I am not sure how much this will impact hiring, but someone becoming a manager at 28 may appear more competent against someone who manages to do so at 30 years old for a start.
The need to clear their ICT every year can also be of concern to an employer, especially when the company is too small to have someone away, serving the nation for weeks.
Of course, the company will receive a reimbursement from the government when their employee is away from reservist. But realistically, this will boil down to how effective an employee is and how important he is to the growth of the company.
Worker A generates total revenue of 3 x his salary for his company.
When he is away for a 2-week reservist, the company receives 0.5 of his salary, but incur a drop in revenue of 1.5 times his salary.
It is also important that emphasize the importance of National Service and reservist in Singapore. Policies to instil such mentality in employers will also benefit everyone going forward.
Why Are Singaporeans Not as Welcoming to Foreign Talents/Workers?
Singaporeans are no longer as welcoming when it comes to foreign talents and workers.
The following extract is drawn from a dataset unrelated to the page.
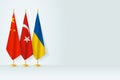 Flags of China, Turkey and Ukraine stand in row on indoor flagpole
In the already competitive jobs market, Singaporeans many times find themselves unfairly pegged against their foreign competitor.
Imagine spending your life in Singapore, contributing to its growth and even serving the nation just to lose your dream job to someone who just arrived.
On top of that, the number at which immigrants are being accepted since the 2011 GE is enough to create a possible cultural impact on Singapore (foreigners keeping to their own cliques, foreigners implementing their work culture in the company).
Add social media into the mix that amplifies any xenophobic behaviour, such tension and penned up anger amongst Singaporeans now have an avenue to be released.
It doesn’t take much for one bad example from “team foreign talent” to kick start a whole other wave of toxicity in the community.
Remember Ramesh Erramalli?
The JP Morgan employee verbally abusing his condominium’s security guard over a parking saga had all his information dug out by Netizens and there were petitions calling for him to be fired.
Two Wrongs Don’t Make a Right
We know very well that, given our current ageing population and low birth rate, making Singapore a less desirable working environment for foreign professionals will do more harm than good in the long run.
We also need to identify that National Service is extremely important to our nation, and it should always be one of our top priority as Singaporean.
Lastly, there is no perfect policy. The implementation of a new policy will also take time, and an even longer time before we can experience and measure the impact of it.
If we can quote Senior Minister, Tharman Shamugaratnam,
” No one should assume he has a monopoly over compassion.”
I guess we all want the best for Singapore, and going on unnecessary negativity to affect someone else’s life is probably not the best way forward.
The change can first start with us.
- Engage in constructive feedback through a proper channel.
- Constantly upgrade ourselves to be more competitive in the jobs market.
- Be so good at your job and it is brainless to not give you a promotion.
We are currently in the midst of a crisis, and the only way forward is change (be it ourselves and policies).